» **PROBLEM STATEMENT**:
Please output the line containing "EMR-TEK Athena 24K" and all lines that follow it in the data below, exactly, with no pictures.

» **SUPPLIED MATERIAL**:
_ _ _ _ _
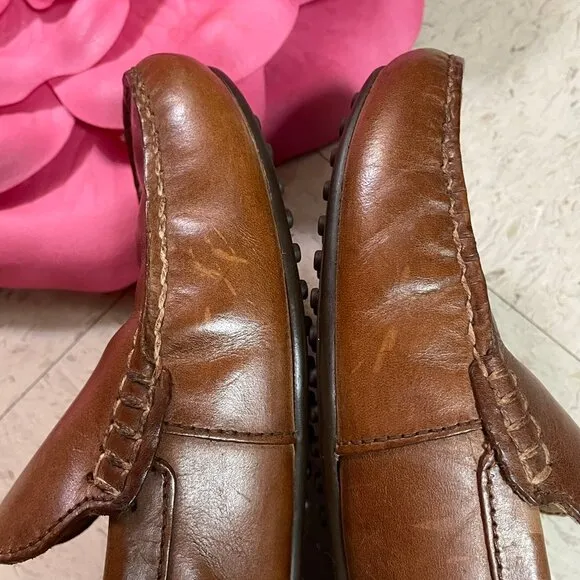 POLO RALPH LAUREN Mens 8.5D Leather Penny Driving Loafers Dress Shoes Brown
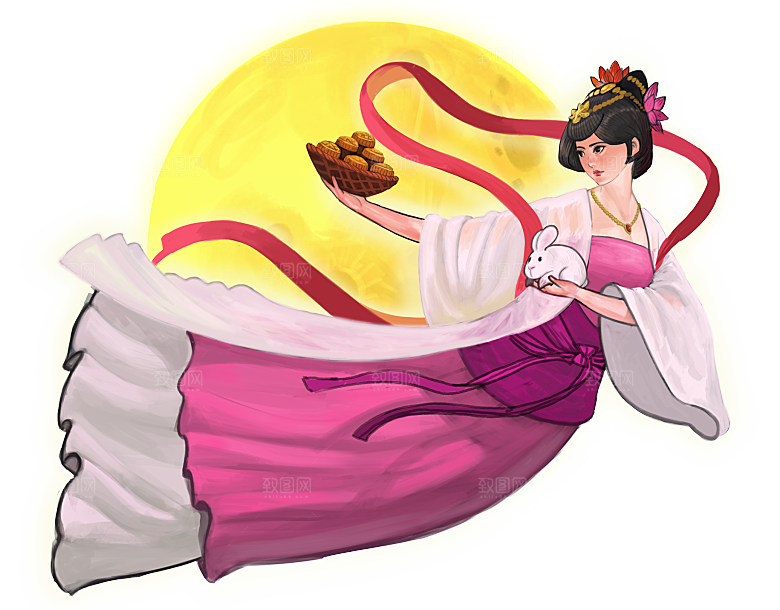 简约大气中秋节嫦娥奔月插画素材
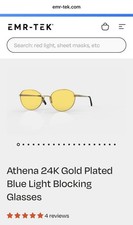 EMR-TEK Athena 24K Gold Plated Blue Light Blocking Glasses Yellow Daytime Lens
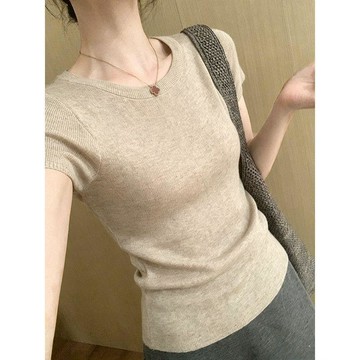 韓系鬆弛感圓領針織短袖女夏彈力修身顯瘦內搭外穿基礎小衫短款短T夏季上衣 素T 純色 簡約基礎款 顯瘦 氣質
_ _ _ _ _
» **RESPONSE FOR THIS EXERCISE**:
 EMR-TEK Athena 24K Gold Plated Blue Light Blocking Glasses Yellow Daytime Lens
 韓系鬆弛感圓領針織短袖女夏彈力修身顯瘦內搭外穿基礎小衫短款短T夏季上衣 素T 純色 簡約基礎款 顯瘦 氣質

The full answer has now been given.